I have been asked a question by another community energy group who wish to evaluate the overall efficiency of

  • delivering gas to a home which is heated using a (condensing) gas boiler
  • using gas at a power-station to generate electricity. The electricity is then used in the home by an ASHP

 

That's a brilliant question, to which we really should know the answer

It is indeed, but it’s not quite comparing like with like.

In order to make a real comparison it would be necessary to look at the efficiency of all the sources of the ASHP’s consumed electricity. As I write this, the grid energy where I live is only 36% fossil fuels (all gas) and 14% renewables. Confusingly, it’s 48.6% imports so that would also have to be broken down to give an accurate picture. What is clear, though, is that if, for example, gas only supplies half the grid’s leccy and is only 50% efficient then that means the fossil fuel energy wastage equates to only a quarter of the energy supplied.

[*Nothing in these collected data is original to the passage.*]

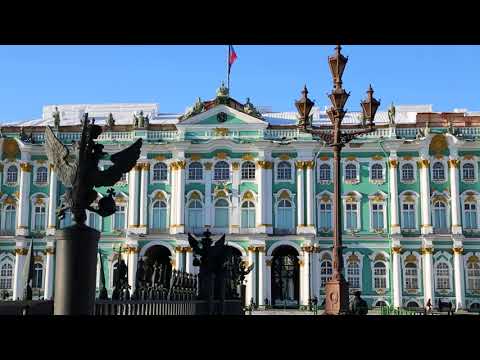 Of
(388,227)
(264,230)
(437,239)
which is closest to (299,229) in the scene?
(264,230)

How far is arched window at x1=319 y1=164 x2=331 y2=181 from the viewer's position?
4359 centimetres

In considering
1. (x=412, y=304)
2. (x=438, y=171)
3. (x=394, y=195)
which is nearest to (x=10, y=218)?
(x=394, y=195)

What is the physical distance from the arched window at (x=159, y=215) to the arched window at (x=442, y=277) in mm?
16067

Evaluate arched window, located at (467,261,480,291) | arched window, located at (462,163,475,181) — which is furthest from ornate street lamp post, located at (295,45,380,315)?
arched window, located at (462,163,475,181)

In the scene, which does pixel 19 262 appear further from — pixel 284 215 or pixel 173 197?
pixel 284 215

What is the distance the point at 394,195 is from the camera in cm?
4281

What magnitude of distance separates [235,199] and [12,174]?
1402 cm

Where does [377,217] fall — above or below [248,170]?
below

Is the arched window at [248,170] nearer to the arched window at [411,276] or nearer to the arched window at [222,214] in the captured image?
the arched window at [222,214]

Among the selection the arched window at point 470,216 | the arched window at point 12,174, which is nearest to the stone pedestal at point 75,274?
the arched window at point 470,216

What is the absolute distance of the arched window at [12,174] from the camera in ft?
147

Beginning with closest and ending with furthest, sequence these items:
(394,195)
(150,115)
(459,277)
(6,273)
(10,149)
→ (459,277), (394,195), (6,273), (10,149), (150,115)

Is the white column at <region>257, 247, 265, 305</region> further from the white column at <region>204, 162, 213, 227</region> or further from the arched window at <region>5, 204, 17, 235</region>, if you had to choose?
the arched window at <region>5, 204, 17, 235</region>

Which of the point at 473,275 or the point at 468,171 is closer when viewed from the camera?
the point at 473,275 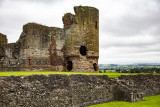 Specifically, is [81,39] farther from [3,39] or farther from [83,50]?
[3,39]

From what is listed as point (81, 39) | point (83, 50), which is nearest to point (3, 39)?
point (81, 39)

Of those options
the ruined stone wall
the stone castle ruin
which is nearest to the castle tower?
the stone castle ruin

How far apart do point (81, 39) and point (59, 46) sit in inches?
91.1

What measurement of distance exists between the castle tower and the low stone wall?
7401mm

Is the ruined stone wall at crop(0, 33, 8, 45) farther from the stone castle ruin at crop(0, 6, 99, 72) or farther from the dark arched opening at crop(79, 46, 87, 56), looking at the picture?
the dark arched opening at crop(79, 46, 87, 56)

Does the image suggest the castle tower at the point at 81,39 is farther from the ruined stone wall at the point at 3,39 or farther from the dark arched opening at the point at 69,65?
the ruined stone wall at the point at 3,39

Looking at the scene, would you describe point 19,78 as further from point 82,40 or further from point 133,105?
point 82,40

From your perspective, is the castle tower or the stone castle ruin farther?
the castle tower

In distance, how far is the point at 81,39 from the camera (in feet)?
66.0

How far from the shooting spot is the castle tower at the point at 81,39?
20.0 m

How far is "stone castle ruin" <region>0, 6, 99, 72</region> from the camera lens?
1794cm

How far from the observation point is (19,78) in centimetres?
799

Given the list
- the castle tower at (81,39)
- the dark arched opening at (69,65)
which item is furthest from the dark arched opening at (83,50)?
the dark arched opening at (69,65)

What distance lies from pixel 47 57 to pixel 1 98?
40.0 feet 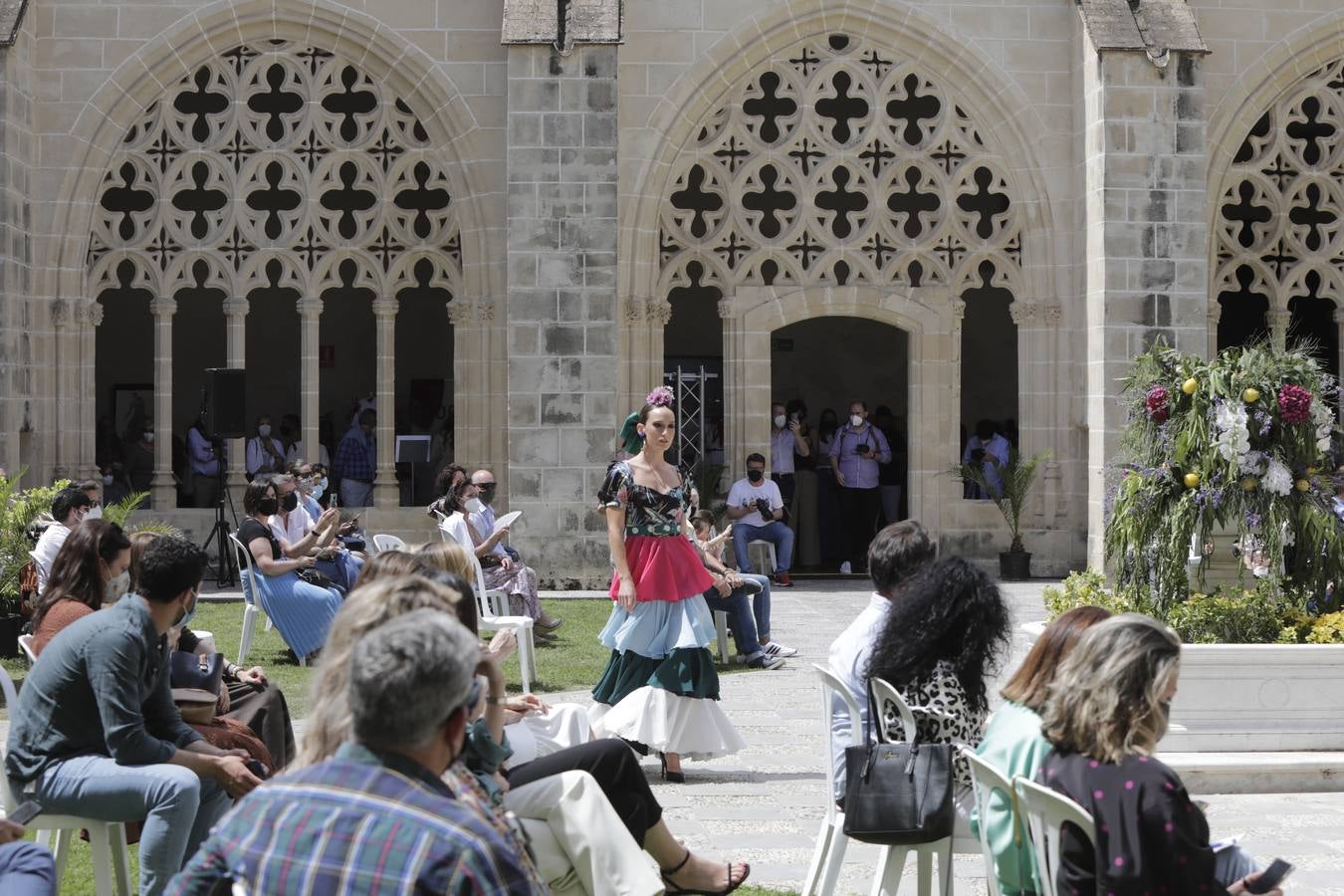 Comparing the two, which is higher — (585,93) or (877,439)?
(585,93)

If you heat your home and water with gas, that’s a simple real world calculation. As far as I know there is no significant loss of gas between where it is pumped in and where the boiler takes it out so you're just calculating how well the boiler can convert energy in to heat energy out.

If you run a heat pump the electricity doesn’t just come from gas, it comes from a wide range of sources, each with its own efficiency signature for creating useable electricity. Solar PV is very inefficient in technical terms but far more so in environmental terms. Hydro-electric power is hugely efficient in all senses. Nonetheless, electricity from each of these sources still has to be transported to the home and there are signficant losses there. All this adds up to a much more complex picture than "is it better to burn gas at home or burn it to generate electricity that's then used at home".

I'm not suggesting we should avoid the discussion just because the initial question was a bit simplistic, though. I would love to know the answer. However, I'd probably prefer any discussions to centre around environmental damage rather than an ambiguous term like efficiency. After all, a wind turbine might only be 30% efficient but any wastage is irrelevant environmentally.

105 m2 bungalow in South East England
Mitsubishi Ecodan 8.5 kW air source heat pump
18 x 360W solar panels
1 x 6 kW GroWatt battery and inverter
Raised beds for home-grown veg and chickens for eggs

"Semper in excretia; suus solum profundum variat"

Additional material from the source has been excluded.